Collect every line of the records below that contains the word "Chest".
__________
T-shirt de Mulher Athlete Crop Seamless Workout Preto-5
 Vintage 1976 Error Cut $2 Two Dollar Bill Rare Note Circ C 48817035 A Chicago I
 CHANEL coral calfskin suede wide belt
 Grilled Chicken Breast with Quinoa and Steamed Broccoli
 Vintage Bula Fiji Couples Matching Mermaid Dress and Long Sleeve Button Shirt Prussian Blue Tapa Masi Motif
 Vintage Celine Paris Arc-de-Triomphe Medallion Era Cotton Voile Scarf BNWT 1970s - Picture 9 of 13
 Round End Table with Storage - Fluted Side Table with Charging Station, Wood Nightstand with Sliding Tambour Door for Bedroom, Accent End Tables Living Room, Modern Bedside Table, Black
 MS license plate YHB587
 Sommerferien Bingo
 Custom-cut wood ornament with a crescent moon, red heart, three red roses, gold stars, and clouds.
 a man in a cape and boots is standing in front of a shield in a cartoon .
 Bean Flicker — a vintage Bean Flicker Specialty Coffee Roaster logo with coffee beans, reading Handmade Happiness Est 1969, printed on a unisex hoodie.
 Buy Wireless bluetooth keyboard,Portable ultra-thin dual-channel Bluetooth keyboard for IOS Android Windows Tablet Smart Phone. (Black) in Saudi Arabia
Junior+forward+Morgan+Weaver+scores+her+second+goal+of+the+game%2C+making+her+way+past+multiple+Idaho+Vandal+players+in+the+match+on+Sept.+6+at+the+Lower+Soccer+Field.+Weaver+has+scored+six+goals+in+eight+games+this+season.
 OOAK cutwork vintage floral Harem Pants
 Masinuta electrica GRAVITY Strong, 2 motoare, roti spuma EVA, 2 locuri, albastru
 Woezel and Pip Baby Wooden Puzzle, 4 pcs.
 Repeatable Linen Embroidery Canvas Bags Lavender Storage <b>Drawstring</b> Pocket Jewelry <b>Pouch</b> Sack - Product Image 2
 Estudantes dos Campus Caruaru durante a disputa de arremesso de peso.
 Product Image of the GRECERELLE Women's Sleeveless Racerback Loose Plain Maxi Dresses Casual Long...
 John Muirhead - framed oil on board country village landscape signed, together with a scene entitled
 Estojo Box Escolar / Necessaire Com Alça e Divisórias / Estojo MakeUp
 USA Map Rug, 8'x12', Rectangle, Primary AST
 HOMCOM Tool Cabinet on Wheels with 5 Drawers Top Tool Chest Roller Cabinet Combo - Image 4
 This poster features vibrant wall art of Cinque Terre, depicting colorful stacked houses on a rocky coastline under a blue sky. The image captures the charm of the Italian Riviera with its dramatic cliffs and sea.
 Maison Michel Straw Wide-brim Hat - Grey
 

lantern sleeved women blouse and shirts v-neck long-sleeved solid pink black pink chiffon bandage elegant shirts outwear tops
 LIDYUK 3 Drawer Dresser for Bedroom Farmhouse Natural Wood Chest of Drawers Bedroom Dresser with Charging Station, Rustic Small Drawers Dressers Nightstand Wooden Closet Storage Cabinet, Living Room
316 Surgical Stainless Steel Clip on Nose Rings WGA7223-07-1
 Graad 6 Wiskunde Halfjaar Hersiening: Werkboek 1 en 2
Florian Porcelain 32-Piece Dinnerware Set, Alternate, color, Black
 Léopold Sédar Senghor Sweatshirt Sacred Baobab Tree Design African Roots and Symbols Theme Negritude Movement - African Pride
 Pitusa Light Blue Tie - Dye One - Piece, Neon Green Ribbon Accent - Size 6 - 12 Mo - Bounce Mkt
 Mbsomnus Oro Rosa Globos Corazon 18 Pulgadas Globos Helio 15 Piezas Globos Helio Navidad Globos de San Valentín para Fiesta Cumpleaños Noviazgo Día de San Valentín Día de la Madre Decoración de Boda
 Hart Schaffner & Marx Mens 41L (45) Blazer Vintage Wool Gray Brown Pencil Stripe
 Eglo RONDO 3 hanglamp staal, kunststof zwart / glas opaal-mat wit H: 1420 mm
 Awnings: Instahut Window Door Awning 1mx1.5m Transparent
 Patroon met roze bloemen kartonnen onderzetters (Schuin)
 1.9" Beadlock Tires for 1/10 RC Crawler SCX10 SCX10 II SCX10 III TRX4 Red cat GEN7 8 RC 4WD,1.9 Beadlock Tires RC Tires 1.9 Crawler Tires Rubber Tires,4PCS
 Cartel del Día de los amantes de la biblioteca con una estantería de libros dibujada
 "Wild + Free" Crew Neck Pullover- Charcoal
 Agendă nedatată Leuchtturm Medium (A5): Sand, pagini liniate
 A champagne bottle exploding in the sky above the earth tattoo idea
__________
• [TASK RESULT]
 HOMCOM Tool Cabinet on Wheels with 5 Drawers Top Tool Chest Roller Cabinet Combo - Image 4
 LIDYUK 3 Drawer Dresser for Bedroom Farmhouse Natural Wood Chest of Drawers Bedroom Dresser with Charging Station, Rustic Small Drawers Dressers Nightstand Wooden Closet Storage Cabinet, Living Room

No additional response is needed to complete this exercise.